Previous electrostatic solutions have relied on a electrodynamic screen, using interdigitated electrodes. These screens can have defects that allow moisture in and cause them to fail, Varanasi said.
The new system requires an electrode to pass over the panel, producing an electric field that imparts a charge to the dust particles as it goes. An opposite charge applied to a transparent conductive layer just a few nanometres thick deposited on the glass covering of the solar panel then repels the particles. By calculating the right voltage to apply, the researchers were able to find a voltage range sufficient to overcome the pull of gravity and adhesion forces, and cause the dust to lift away.
Using specially prepared laboratory samples of dust with a range of particle sizes, experiments proved that the process works effectively on a laboratory-scale test installation, Panat said. The tests showed that humidity in the air provided a thin coating of water on the particles, which turned out to be crucial to making the effect work.

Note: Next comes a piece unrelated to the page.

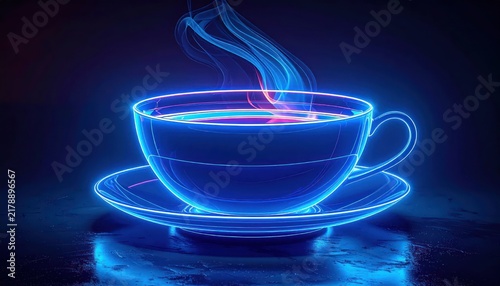 Blue neon glowing coffee cup with digital steam.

“We performed experiments at varying humidities from five per cent to 95 per cent,” Panat said. “As long as the ambient humidity is greater than 30 per cent, you can remove almost all of the particles from the surface, but as humidity decreases, it becomes harder.”
“The good news is that when you get to 30 per cent humidity, most deserts actually fall in this regime, said Varanasi.” Those that are typically drier than that tend to have higher humidity in the early morning hours, leading to dew formation, so the cleaning could be timed accordingly.
“Moreover, unlike some of the prior work on electrodynamic screens, which actually do not work at high or even moderate humidity, our system can work at humidity even as high as 95 per cent, indefinitely,” Panat said.